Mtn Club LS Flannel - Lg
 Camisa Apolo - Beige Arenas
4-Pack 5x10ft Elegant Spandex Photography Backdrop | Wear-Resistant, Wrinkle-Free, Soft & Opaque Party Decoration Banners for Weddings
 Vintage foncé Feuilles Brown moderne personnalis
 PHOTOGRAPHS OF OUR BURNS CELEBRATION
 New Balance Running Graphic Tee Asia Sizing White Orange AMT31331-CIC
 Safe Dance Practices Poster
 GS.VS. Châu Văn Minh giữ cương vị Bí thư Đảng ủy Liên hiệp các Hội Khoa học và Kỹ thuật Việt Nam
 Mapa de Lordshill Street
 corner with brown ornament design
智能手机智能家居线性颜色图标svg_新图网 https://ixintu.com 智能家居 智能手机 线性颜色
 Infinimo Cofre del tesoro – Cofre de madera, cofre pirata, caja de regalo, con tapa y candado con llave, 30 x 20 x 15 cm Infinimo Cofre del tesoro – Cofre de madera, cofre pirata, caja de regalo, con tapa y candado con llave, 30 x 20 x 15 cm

......

- What is needed:
Your answer must consist only of the lines from the one containing "Mapa de Lordshill Street" through the last line of the data above, both included, exactly as written.

- Reply to the task:
 Mapa de Lordshill Street
 corner with brown ornament design
智能手机智能家居线性颜色图标svg_新图网 https://ixintu.com 智能家居 智能手机 线性颜色
 Infinimo Cofre del tesoro – Cofre de madera, cofre pirata, caja de regalo, con tapa y candado con llave, 30 x 20 x 15 cm Infinimo Cofre del tesoro – Cofre de madera, cofre pirata, caja de regalo, con tapa y candado con llave, 30 x 20 x 15 cm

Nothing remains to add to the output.